Wenn wir schon kein Geld verlangen dürfen, dachten die Prinzessin und ihr Gemahl, so bedingen wir uns als Lohn aus, dass jeder, der bei uns einkehrt, seine Lebensgeschichte erzählen muss. Und bald hieß die Herberge“Zum erzählten Leben“ und war bekannt bei reichen Kaufleuten genauso wie bei armen Landstreichern. So durfte ich es vom Pater hören und einige Tage später im ORF. Ich wurde auch aufmerksam gemacht, es handle sich nicht um einen Kreis gelangweilter Leute, sondern um einander fremde Menschen, die durch ihre Lebensgeschichte einander vertraut werden in der Herberge. So ergibt sich für mich die Erkenntnis, dass Aus-dem-Leben-Erzählen heilsam sein kann.

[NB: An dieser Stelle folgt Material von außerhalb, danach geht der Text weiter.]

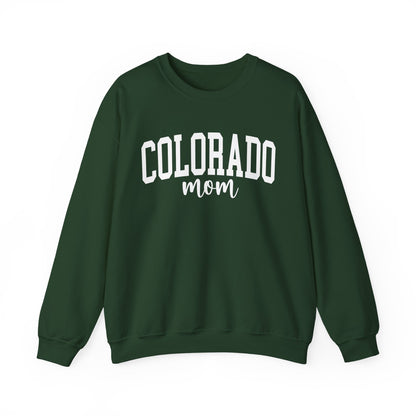 Colorado Mom Apparel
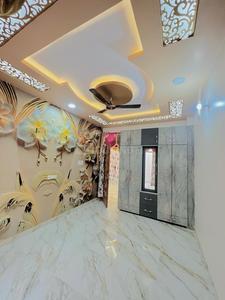 Project Image of 1600.0 - 2000.0 Sq.ft 3 BHK Villa for buy in Urbanaid Uniworld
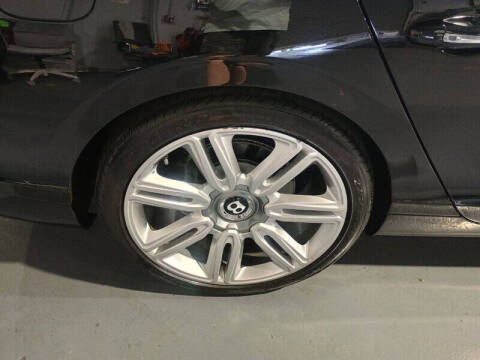 2016 Bentley Flying Spur W12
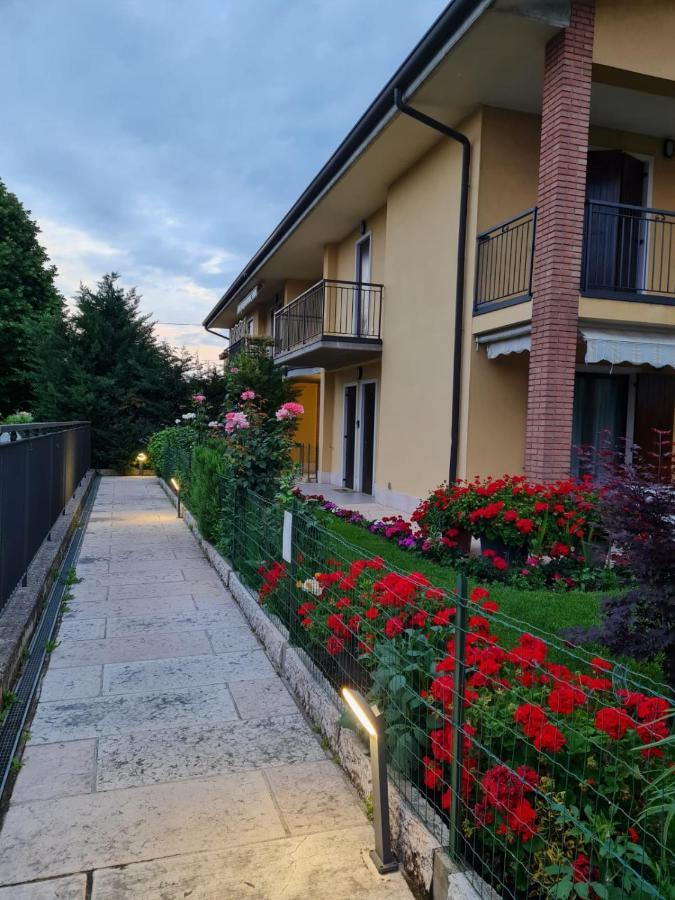 페스칸티나 Casa Andre 아파트 외부 사진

Der Sinn dieses Märchens für mich: Wer dem Ruf seines Herzens folgt, macht keine große Karriere, kann nicht Königin werden. Aber es wird ihm dafür etwas anderes geschenkt. Er kann einen Ort bieten, wo Menschen ihre Lebensgeschichte erzählen können. Einen Ort, wo Liebe, Ehrfurcht und Wertschätzung zu Hause sind. Gesinnung, die anerkennt und sein lassen will. Diese Betrachtung der Vergangenheit erhellt einfach die Wahrheit über die Gegenwart. Ein Sinn, der bisher im Fluss des Lebens verborgen war, taucht an der Oberfläche auf, ein Sinn, der in Glückstagen gereift und in Krisentagen geläutert worden ist. Diesen Sinn zu erkennen, dazu hilft ein aufmerksames Gegenüber, vielleicht mit der einen oder anderen leisen Frage, die dieses Gegenüber stellen könnte. Psychologen haben dafür den Begriff des „aktiven Zuhörens“ gefunden. Religiös von Pater Joop gedeutet ist in allen Lebensgeschichten eine Geschichte mit dem Göttlichen verwoben, der den Menschen versprochen hat: Ich bin bei dir.
Die Herbergen zum erzählten Leben sind für mich die Orte, wo Menschen ihre Geschichten erzählen können. Wo ich so sein darf, wie ich wirklich bin.